● BRIEF
For the records below, output word for word the lines from the one with "Універсал Audi A4 2003 в Тернополі" up to and including the one with "800 AZN - 2". No pictures.

● STORED DATA

╭──

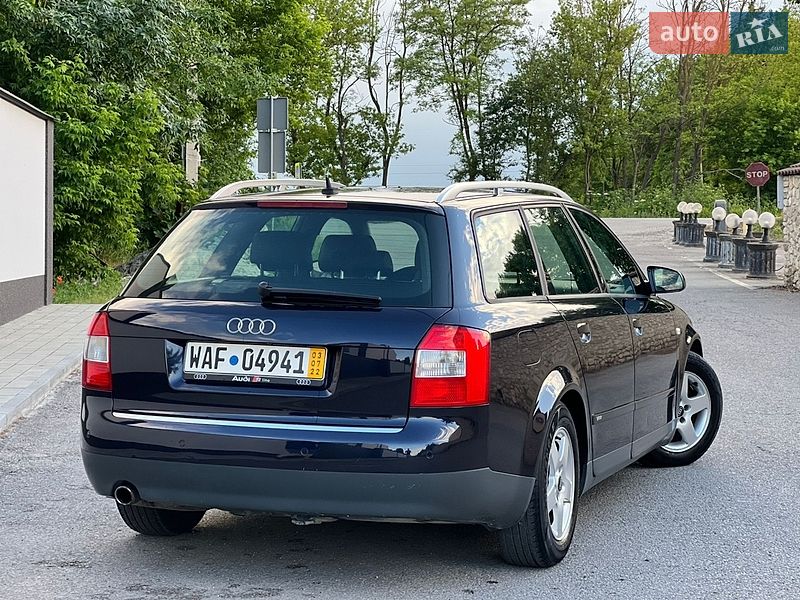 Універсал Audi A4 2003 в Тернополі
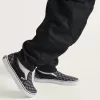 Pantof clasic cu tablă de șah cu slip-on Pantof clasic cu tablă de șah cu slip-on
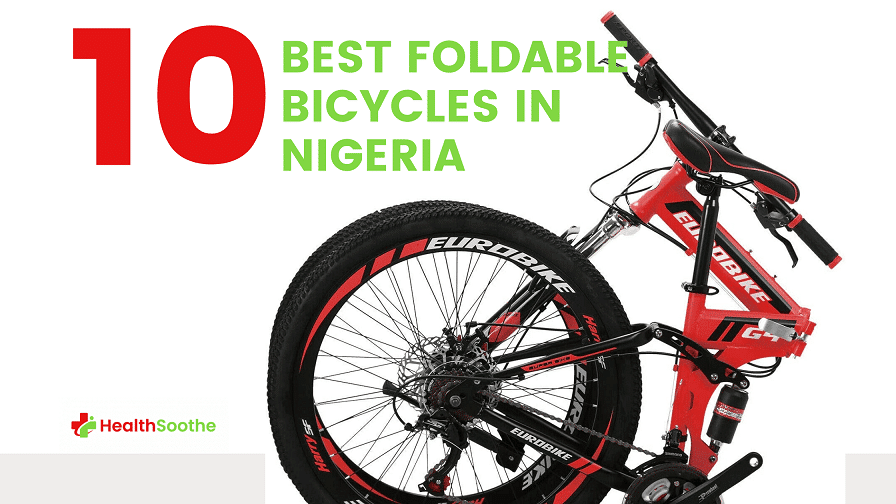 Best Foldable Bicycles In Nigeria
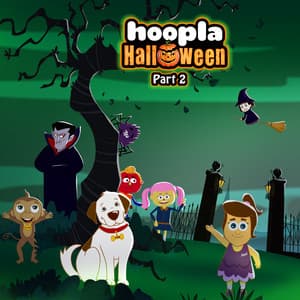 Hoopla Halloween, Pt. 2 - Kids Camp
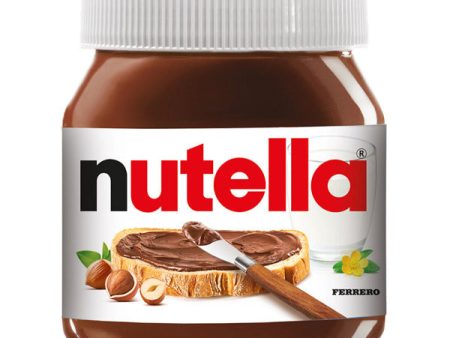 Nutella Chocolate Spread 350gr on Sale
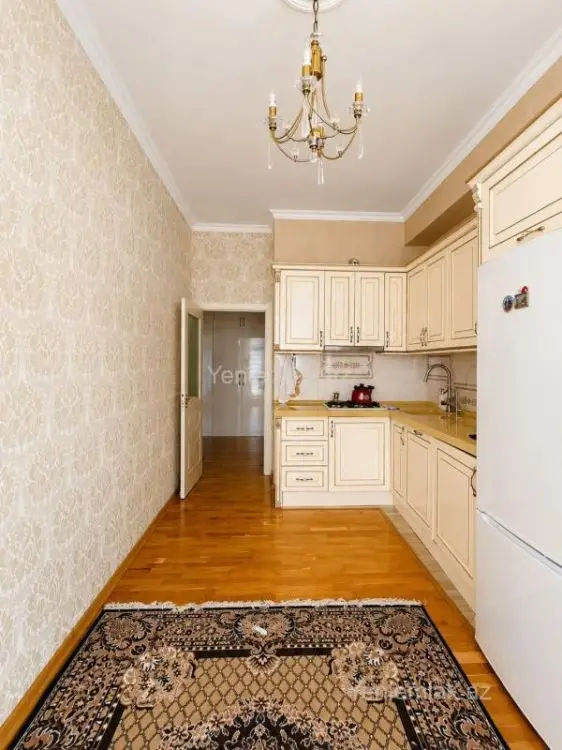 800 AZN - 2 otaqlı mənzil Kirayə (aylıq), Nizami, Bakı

╰──
╭──

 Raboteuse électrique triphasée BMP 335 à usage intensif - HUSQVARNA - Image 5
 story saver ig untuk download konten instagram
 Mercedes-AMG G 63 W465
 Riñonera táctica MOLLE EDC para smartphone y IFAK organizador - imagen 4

╰──

● SOLUTION TO THIS EXERCISE
 Універсал Audi A4 2003 в Тернополі
 Pantof clasic cu tablă de șah cu slip-on Pantof clasic cu tablă de șah cu slip-on
 Best Foldable Bicycles In Nigeria
 Hoopla Halloween, Pt. 2 - Kids Camp
 Nutella Chocolate Spread 350gr on Sale
 800 AZN - 2 otaqlı mənzil Kirayə (aylıq), Nizami, Bakı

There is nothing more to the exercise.